What the task requires: Transcribe the entries exactly as they stand below, passing over any picture.

★ ★ ★ ★ ★ ★ ★

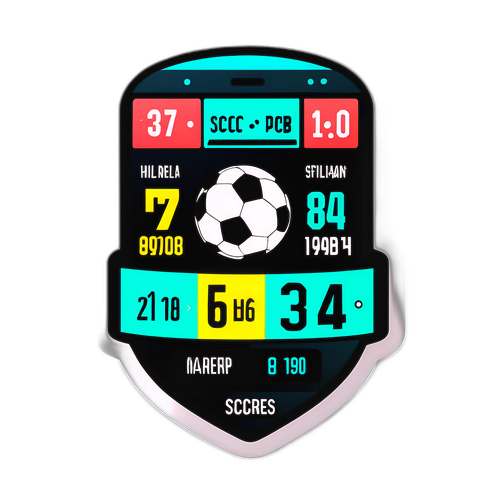 Moderne Sticker met Real-time Voetbaluitslagen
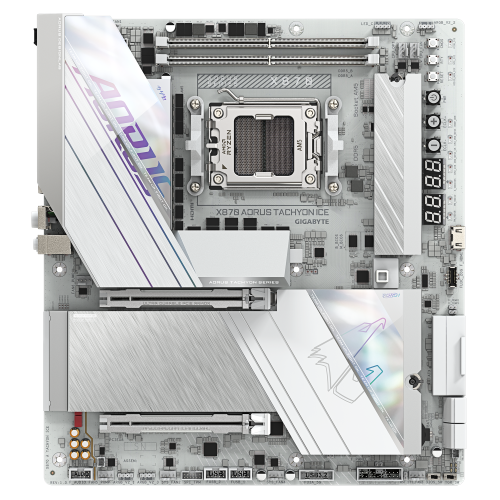 GIGABYTE X870 AORUS TACHYON ICE Placa Base – Compatible con procesadores AMD Ryzen 9000, VRM digital de 18+2+2 fases, hasta 9600 MHz DDR5 (OC), 1 x PCIe 5.0 + 2 x PCIe 4.0, Wi-Fi 7, LAN 5 GbE, USB 4 - imagen 2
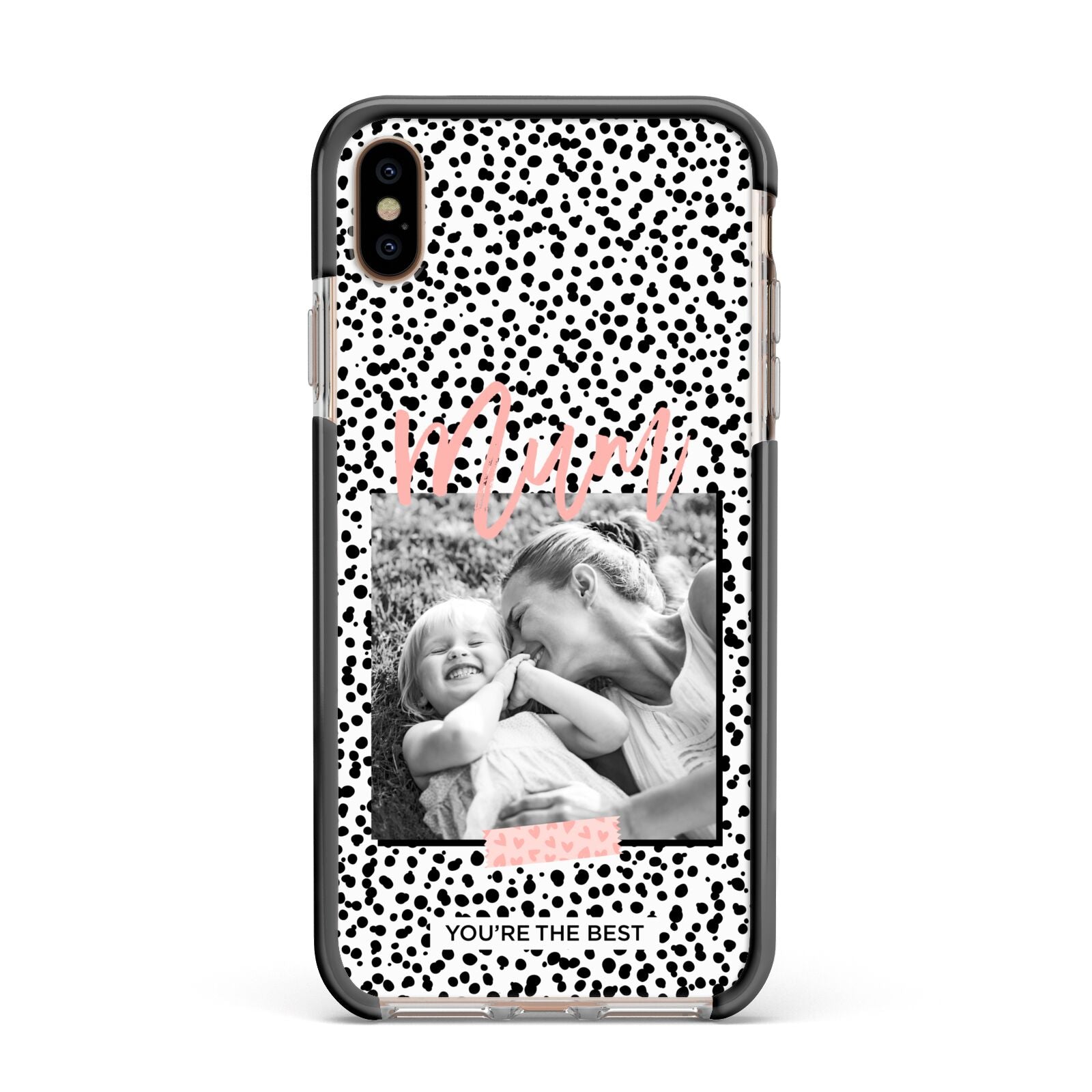 Polka Dot Mum Apple iPhone Xs Max Impact Case Black Edge on Gold Phone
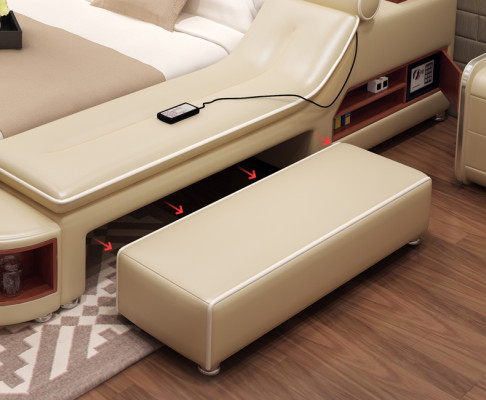 Bed Multifunction Safe Heating Lounge USB Sound Double Beds Function New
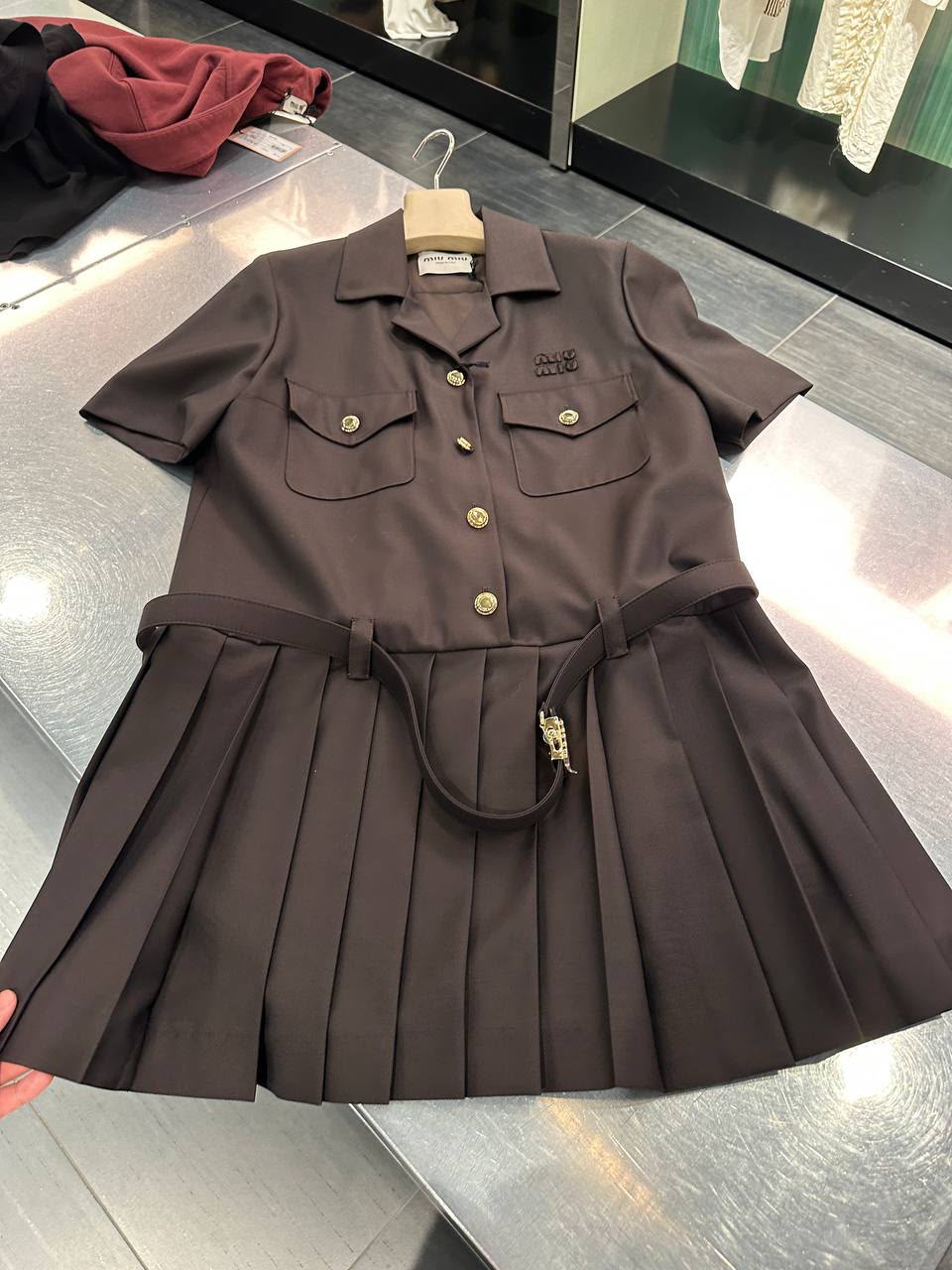 Pleated wool dress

★ ★ ★ ★ ★ ★ ★

The completed task:
 Moderne Sticker met Real-time Voetbaluitslagen
 GIGABYTE X870 AORUS TACHYON ICE Placa Base – Compatible con procesadores AMD Ryzen 9000, VRM digital de 18+2+2 fases, hasta 9600 MHz DDR5 (OC), 1 x PCIe 5.0 + 2 x PCIe 4.0, Wi-Fi 7, LAN 5 GbE, USB 4 - imagen 2
 Polka Dot Mum Apple iPhone Xs Max Impact Case Black Edge on Gold Phone
 Bed Multifunction Safe Heating Lounge USB Sound Double Beds Function New
 Pleated wool dress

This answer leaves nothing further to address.